> _The problem_:
In the material below, the lines between the one holding "Chaqueta con capucha" and the one holding "SALVEST Põnn BIO", inclusive, are to be set down word for word. Pictures stay out.

> _Data records_:

******************************

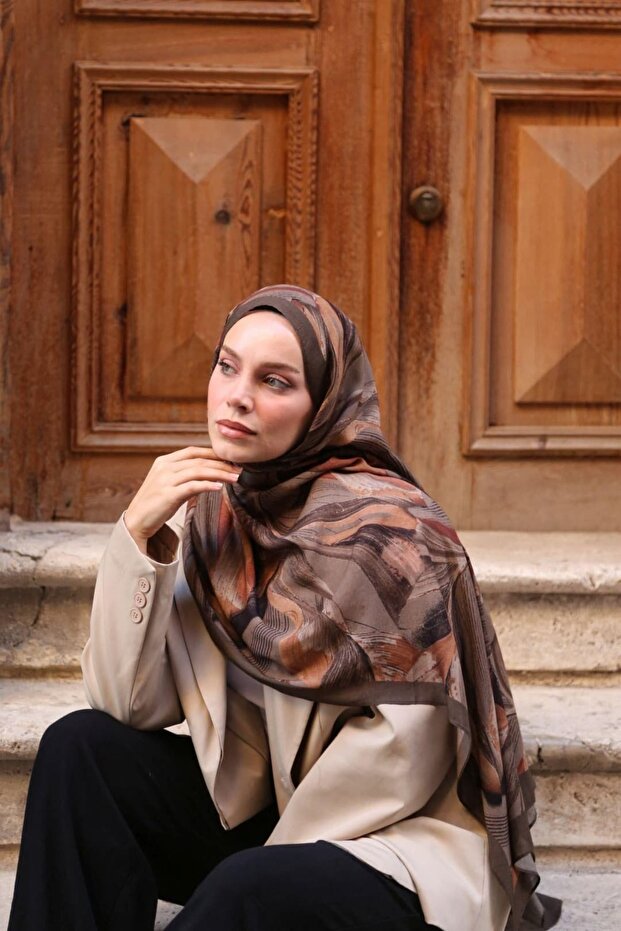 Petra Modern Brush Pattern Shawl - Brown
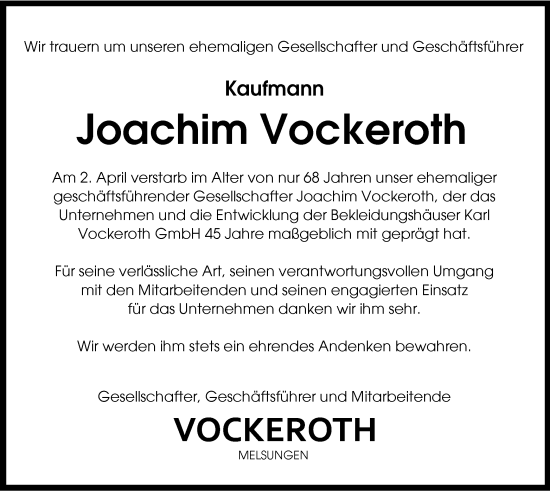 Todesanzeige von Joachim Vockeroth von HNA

******************************

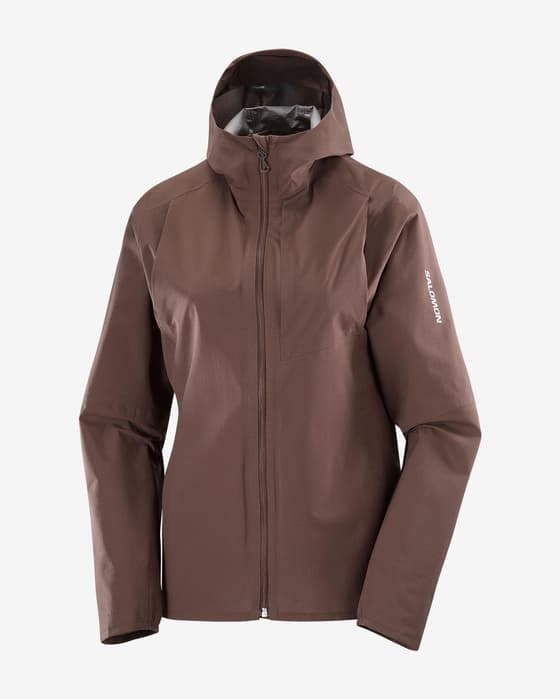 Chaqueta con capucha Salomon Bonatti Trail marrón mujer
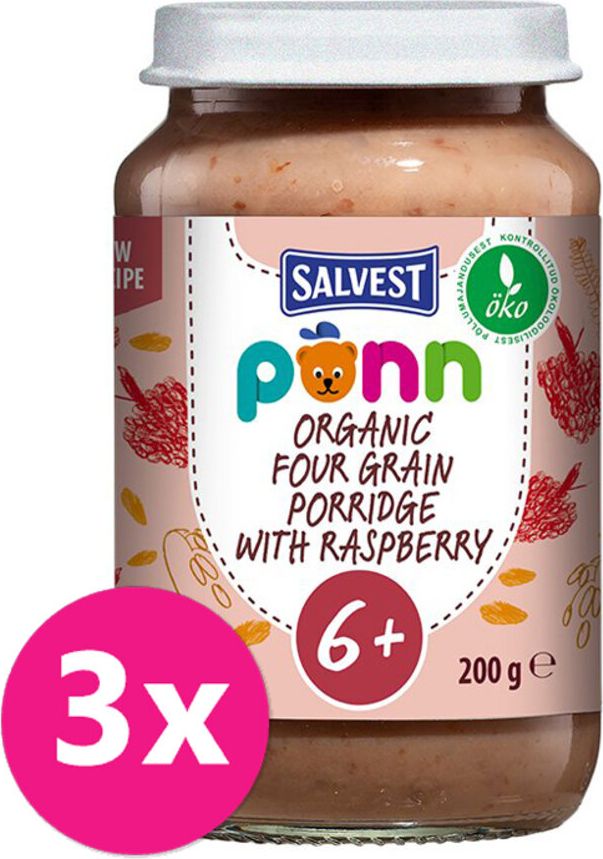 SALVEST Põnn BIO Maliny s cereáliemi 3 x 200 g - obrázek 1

******************************

> _Solution_:
 Chaqueta con capucha Salomon Bonatti Trail marrón mujer
 SALVEST Põnn BIO Maliny s cereáliemi 3 x 200 g - obrázek 1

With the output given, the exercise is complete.